Le football est certainement important, pour le personnel politique et les élites, qui iront jusqu'à s'associer à une victoire quand elle arrive, et quand tout va mal, on hurle avec les loups et on stigmatise l'argent du foot ! A travers cette «initiative» de Mobilis, on peut se rendre compte à quel point l'implication dans ce sport peut servir de tremplin à des gestionnaires pour bâtir une carrière en dehors de leurs entreprises, sans risquer le moindre soupçon. Le football n'impose pas de s'exposer, personnellement, parce qu'on parle de quelque chose qui se joue à l'extérieur de la zone du pouvoir. Il permet, en quelque sorte, de parer à la gestion de la chose publique, sans les angoisses, les interrogations et les devoirs de la discussion politique. Et le stade est le défouloir, par excellence, le lieu où on peut, sans risques, porter des revendications sociales, économiques et même politiques. Et pourquoi pas, se faire adouber par la foule.

Le football, trop de personnes y ont succombé parmi les élites ; ce sont elles qui, légitiment l'horreur sportive généralisée, la violence, le dopage, les magouilles, l'appétence politique, et l'argent sale ; et, paradoxalement, ce sont les mêmes personnes qui sont chargées d'en trouver les remèdes !

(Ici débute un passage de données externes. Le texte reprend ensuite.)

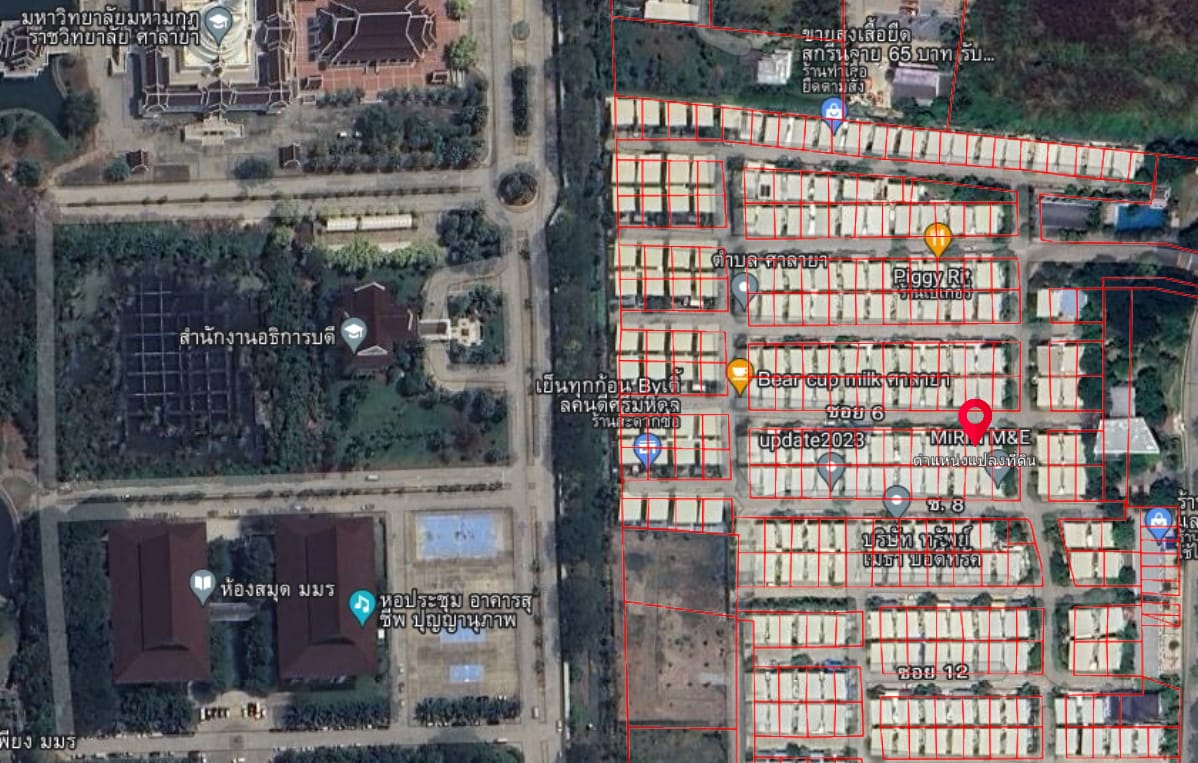 บ้านเดี่ยวในโครงการ ทำเลดี ใกล้แหล่งอำนวยความสะดวกมากมาย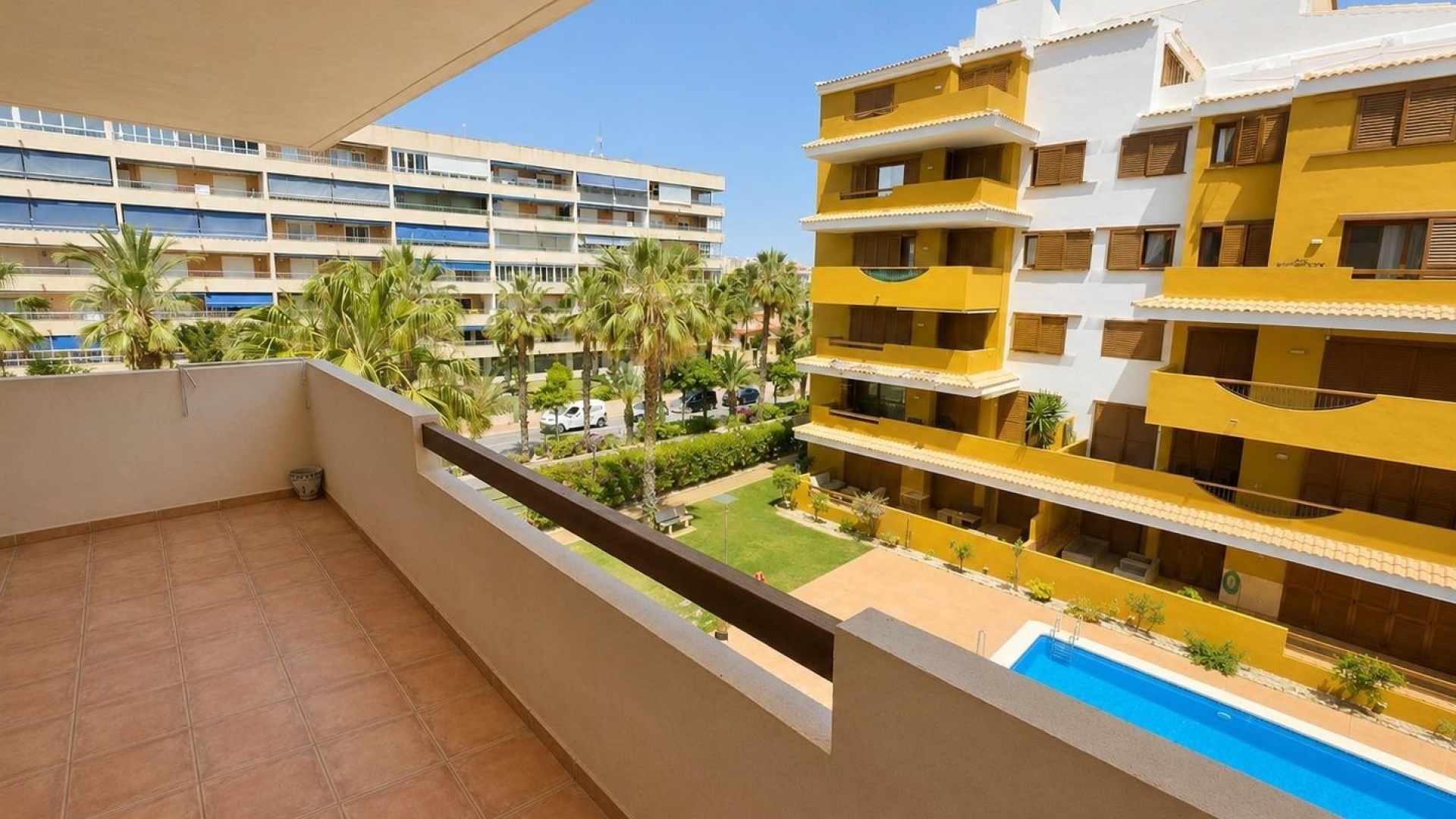 Revente - Appartement - Punta Prima - la entrada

Le football et la politique, sont les deux plus grands sujets de conversation des algériens, que ce soit au travail, dans les cafés, la rue, mais aussi à la maison. Et parce qu'il fédère l'ensemble d'une nation, ce sport devient, un instrument de manipulation pour les puissants ; et quand les hommes politiques et certains patrons d'entreprises s'en emparent, c'est pour faire avancer leurs idées, pour conserver leur mandat ou afficher leurs ambitions. Sport, business, deux univers de plus en plus mêlés et les passerelles qui les unissent sont aussi nombreuses que dangereuses.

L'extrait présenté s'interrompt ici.